Brief descriptive captions:
______________________________
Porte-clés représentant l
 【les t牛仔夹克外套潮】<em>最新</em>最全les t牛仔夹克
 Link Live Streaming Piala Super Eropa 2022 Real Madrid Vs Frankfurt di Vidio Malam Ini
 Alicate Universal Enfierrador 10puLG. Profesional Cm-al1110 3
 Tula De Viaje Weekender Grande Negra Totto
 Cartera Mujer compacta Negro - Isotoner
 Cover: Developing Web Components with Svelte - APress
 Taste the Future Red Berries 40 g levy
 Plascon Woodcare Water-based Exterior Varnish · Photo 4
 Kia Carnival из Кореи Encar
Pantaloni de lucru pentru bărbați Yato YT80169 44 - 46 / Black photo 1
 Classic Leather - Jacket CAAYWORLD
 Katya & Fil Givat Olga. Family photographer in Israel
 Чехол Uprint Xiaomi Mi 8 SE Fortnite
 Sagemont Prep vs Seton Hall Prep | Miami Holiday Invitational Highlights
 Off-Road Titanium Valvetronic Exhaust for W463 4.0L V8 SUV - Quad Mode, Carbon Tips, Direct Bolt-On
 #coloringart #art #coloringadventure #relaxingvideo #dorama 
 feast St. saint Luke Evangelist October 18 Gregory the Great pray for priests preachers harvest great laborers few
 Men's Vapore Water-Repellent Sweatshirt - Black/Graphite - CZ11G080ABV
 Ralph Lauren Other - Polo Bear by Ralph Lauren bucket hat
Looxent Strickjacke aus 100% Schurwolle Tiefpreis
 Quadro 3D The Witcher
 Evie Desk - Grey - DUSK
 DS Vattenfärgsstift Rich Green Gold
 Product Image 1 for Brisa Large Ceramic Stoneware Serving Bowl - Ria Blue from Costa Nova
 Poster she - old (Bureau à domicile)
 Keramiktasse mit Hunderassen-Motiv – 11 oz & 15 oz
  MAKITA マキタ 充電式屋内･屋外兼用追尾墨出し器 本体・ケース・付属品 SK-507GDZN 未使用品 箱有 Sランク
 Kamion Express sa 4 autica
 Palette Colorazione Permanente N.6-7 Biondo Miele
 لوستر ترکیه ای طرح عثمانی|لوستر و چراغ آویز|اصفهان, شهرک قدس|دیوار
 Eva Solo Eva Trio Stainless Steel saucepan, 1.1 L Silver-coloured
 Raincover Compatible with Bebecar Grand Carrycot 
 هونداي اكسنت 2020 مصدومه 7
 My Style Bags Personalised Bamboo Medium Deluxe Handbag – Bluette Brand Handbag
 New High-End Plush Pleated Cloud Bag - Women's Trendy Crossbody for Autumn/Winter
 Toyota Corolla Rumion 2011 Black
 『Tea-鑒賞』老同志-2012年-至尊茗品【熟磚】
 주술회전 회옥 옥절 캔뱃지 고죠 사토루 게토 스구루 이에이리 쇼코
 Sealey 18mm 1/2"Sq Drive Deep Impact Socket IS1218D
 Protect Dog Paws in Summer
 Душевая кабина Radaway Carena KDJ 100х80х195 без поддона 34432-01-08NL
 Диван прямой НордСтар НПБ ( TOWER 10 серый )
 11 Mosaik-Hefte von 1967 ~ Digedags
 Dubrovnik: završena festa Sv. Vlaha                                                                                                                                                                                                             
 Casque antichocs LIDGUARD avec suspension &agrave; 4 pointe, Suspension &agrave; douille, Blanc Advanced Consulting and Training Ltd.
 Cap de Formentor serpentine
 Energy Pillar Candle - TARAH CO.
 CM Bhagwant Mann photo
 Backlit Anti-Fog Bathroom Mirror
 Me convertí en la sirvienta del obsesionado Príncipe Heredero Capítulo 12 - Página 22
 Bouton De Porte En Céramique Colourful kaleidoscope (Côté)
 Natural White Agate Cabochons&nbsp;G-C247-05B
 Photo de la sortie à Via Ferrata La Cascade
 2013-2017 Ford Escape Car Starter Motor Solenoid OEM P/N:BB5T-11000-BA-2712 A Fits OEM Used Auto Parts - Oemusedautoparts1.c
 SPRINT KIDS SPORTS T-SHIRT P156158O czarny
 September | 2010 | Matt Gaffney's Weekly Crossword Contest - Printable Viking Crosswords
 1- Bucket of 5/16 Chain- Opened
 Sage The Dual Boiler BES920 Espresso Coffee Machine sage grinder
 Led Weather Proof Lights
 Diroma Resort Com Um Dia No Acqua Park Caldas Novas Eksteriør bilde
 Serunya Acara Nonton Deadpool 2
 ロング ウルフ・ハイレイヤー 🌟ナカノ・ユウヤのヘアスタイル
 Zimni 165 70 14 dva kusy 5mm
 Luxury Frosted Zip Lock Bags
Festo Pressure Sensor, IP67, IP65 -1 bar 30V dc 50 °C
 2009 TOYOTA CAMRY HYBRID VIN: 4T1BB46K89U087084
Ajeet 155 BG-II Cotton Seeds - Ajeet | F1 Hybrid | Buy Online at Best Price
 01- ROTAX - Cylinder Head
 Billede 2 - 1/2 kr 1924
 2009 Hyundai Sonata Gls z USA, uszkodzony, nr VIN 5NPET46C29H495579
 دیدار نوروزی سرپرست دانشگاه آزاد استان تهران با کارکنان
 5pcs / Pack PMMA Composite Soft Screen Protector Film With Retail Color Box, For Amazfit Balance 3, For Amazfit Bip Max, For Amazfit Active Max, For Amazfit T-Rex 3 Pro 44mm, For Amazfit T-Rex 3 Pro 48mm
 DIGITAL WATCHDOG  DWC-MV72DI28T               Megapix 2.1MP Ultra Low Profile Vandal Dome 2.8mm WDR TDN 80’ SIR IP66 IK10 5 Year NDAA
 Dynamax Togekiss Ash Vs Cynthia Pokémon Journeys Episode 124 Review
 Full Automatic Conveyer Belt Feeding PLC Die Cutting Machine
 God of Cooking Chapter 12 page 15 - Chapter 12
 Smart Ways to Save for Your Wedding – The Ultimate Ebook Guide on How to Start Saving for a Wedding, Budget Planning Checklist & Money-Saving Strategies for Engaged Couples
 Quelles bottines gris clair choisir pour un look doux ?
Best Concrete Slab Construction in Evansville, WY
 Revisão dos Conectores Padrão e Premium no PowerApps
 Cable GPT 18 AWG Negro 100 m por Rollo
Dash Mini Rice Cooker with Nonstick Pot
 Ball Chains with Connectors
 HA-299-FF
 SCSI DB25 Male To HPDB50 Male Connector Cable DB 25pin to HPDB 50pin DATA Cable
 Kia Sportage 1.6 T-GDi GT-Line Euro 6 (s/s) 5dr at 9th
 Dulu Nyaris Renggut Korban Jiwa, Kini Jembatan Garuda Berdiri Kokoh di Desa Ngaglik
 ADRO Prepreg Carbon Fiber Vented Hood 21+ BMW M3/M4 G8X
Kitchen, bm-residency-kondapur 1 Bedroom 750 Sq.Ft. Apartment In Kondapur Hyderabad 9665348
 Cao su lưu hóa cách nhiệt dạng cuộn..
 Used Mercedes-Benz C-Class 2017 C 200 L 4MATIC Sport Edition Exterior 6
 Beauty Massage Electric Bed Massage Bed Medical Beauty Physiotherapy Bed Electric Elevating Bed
______________________________
» **YOUR GOAL**
Among the entries, how many lines include the string "Cable"? Please reply with only the number.

» **ANSWER SECTION**
2